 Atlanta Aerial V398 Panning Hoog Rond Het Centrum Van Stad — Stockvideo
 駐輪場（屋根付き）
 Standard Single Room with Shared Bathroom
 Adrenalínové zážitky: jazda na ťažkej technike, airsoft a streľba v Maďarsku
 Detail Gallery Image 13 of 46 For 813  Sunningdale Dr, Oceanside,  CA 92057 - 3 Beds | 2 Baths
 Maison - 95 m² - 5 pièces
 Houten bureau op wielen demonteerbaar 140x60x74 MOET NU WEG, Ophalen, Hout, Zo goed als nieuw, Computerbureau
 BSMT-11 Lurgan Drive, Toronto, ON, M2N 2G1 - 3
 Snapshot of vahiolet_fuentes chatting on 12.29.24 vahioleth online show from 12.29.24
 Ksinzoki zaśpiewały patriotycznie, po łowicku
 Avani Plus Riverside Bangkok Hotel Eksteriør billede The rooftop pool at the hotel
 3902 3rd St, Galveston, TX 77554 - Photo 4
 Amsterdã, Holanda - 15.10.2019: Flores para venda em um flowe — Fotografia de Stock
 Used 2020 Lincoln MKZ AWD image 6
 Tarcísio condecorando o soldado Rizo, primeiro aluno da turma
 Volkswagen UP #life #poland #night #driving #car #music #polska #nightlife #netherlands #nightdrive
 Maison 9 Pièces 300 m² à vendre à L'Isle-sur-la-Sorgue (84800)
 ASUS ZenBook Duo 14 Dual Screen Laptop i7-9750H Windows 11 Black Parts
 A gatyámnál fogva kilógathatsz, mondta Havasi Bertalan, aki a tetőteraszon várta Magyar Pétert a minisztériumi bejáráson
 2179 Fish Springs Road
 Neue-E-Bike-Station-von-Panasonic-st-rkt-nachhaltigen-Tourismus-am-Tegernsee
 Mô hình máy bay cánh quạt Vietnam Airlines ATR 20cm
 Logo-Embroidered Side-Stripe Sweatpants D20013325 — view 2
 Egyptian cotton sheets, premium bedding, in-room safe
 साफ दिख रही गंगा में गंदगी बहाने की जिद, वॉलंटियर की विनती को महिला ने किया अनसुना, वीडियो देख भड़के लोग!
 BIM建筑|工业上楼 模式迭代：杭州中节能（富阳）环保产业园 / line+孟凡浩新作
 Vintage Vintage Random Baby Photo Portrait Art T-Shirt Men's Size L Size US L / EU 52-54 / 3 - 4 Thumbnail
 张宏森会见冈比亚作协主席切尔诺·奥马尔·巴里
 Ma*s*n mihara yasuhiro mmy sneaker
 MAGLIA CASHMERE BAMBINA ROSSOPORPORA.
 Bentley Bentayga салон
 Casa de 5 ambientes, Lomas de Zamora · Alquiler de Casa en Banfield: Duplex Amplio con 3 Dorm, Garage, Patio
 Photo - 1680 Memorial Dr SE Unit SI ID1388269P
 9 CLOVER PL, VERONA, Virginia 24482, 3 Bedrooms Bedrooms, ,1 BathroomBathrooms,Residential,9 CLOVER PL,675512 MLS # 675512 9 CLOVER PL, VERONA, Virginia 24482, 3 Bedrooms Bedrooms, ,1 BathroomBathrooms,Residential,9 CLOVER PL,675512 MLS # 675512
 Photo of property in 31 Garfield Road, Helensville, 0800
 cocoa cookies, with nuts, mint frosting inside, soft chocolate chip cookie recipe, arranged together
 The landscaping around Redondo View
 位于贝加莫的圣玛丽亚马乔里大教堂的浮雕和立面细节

========================================

## Task goal
Every line above in which the word "Maison" is present must be copied into the answer.

## The answer
 Maison - 95 m² - 5 pièces
 Maison 9 Pièces 300 m² à vendre à L'Isle-sur-la-Sorgue (84800)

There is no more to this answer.